- Dooni Pahoo Location within Jammu and Kashmir
- Coordinates: 33°44′45″N 75°05′19″E﻿ / ﻿33.7458°N 75.0887°E
- Country: India
- State: Jammu and Kashmir
- District: Anantnag district

Area^{[citation needed]}
- • Total: 119 ha (290 acres)

Population (2011)
- • Total: 1,402
- • Density: 1,180/km^{2} (3,050/sq mi)

Languages
- • Official: Kashmiri, Urdu, Hindi, Dogri, English
- Time zone: UTC+5:30 (IST)
- PIN: 192101

= Dooni Pahoo =

Dooni Pahoo is a village in the Anantnag district of Jammu and Kashmir, India.

==Demographics==
According to Census 2011 information the location code or village code of Dooni Pahoo village is 003733. Dooni Pahoo village is located in Anantnag Tehsil of Anantnag district in Jammu & Kashmir, India. Anantnag is nearest town to Dooni Pahoo village.
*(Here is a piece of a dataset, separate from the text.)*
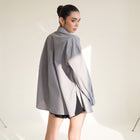 OKAKIE grey cotton poplin boyfriend over-shirt with side slits and high-low hem worn by a model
==Tourist places near Dooni Pahoo==

Aru Valley, Betaab Valley, Amarnath Caves, Martand Sun Temple, Aishmuqam Shrine, Uma Devi, Kherbawani Asthapan are the major tourist attractions near to Dooni Pahoo.

==Agriculture==

Rice, maize, wheat, pulses, fodder, oil seeds, potato and barley are the major crops that are cultivated mostly in the area.

==Dooni Pahoo Cuisine==

Rogan Josh, Yakhni, Dum Olav, Matschgand, Kashmiri Muji Gaad, Aab Gosht, Goshtaba, Modur Pulav, Lyodur Tschaman, Momos, Thukpa, Skyu, Khambir, Paba and Tangdur, Thenthuk, Morel, Palov, Madra, Oria, Maani, Khameera, Katha Meat, Shasha, Kasrod, Timru-di-Chatni, Shiri Pulav, Mitha Bhat are few of the many varieties of Dooni Pahoo.

==Transport==

===By Rail===
Sadura Railway Station & Anantnag Railway Station are the very nearby railway stations to Dooni Pahoo. However Jammu Tawi Railway Station is a major railway station 243 km from Dooni Pahoo.